Aujourd’hui, l’organisation régionale a besoin de montrer sa pertinence sur le plan politique et sur le plan des situations de changement non constitutionnel de pouvoir.
Nécessité politique
L’analyste conflits, spécialisé en terrorisme et contre-terrorisme, Claude Biao affirme qu’il y a une nécessité politique à activer ce mécanisme :
« Il y a un rôle de médiation. Donc un rôle plus politique. Ensuite, il y a un autre rôle qui est un peu plus coercitif. D’un point de vue réglementaire et d’un point de vue continental, la Cédéao est aussi l’instance politique et l’organisation régionale la plus à même à jouer un rôle de stabilisation politique à travers l’usage de la force, si cela est nécessaire avec la bénédiction de l’Union africaine et sur la base du principe de subsidiarité. »
Le coup d’état de trop
Le principe de subsidiarité prescrit justement que les communautés économiques régionales les plus proches des foyers de conflits sont les plus indiquées pour intervenir militairement, au besoin.
De ce point de vue, renchérit l’analyste politique Wendyam Lankoandé, elles ont la bénédiction de l’Union africaine et de la Cédéao pour intervenir.
»La décision de la Cédéao d’activer sa force en attente au Bénin est tout à fait conforme au mandat de l’organisation.

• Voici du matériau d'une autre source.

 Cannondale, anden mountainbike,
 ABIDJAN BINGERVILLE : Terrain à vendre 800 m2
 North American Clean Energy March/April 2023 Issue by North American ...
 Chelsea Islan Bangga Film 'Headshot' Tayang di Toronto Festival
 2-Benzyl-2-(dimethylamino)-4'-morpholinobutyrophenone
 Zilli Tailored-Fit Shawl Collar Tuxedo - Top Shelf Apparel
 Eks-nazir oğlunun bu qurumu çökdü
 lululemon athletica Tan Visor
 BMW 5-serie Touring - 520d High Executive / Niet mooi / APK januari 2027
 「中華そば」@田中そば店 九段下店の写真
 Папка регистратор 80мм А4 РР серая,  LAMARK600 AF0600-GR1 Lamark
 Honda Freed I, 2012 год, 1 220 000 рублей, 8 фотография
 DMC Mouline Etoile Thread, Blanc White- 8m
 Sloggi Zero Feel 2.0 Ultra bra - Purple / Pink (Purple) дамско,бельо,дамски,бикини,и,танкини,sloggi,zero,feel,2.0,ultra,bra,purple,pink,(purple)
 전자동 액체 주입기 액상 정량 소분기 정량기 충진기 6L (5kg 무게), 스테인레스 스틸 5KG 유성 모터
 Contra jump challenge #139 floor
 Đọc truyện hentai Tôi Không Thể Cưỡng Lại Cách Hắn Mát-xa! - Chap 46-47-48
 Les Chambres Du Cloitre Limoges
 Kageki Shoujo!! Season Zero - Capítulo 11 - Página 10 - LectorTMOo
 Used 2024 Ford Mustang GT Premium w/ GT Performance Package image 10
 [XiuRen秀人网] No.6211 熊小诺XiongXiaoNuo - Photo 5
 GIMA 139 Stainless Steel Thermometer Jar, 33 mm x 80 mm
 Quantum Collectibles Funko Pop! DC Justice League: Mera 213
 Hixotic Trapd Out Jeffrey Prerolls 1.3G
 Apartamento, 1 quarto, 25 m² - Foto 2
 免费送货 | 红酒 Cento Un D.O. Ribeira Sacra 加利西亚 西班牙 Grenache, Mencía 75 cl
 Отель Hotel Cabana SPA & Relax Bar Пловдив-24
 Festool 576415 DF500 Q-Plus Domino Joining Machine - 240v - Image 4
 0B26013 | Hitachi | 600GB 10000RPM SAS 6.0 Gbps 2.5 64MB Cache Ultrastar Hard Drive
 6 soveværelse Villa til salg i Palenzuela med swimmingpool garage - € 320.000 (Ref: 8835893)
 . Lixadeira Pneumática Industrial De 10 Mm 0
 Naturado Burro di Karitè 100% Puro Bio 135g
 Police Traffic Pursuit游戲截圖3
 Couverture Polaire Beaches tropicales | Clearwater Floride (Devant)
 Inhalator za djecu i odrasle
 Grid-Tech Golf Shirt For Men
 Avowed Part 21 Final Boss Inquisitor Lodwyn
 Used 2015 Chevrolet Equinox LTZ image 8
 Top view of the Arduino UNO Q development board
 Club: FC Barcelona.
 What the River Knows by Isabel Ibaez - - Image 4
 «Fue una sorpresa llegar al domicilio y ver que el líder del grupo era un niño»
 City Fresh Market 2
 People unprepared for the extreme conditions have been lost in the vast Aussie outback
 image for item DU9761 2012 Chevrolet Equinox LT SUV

Ce qui est peut-être aussi intéressant, c’est le fait que la Cédéao réactive la force avec effet immédiat. Je crois que d’une manière générale au niveau de la Cédéao, il y a consensus qu’il y a péril en la demeure. Et pour l’organisation, le coup d’Etat avorté au Bénin était un coup d’Etat de trop ».
La force en attente de la Cédéao comprend les troupes du Nigéria, de la Sierra Leone, de la Côte d’Ivoire et du Ghana. Ces troupes ont été déployées pour soutenir le gouvernement du Bénin et préserver l’ordre constitutionnel.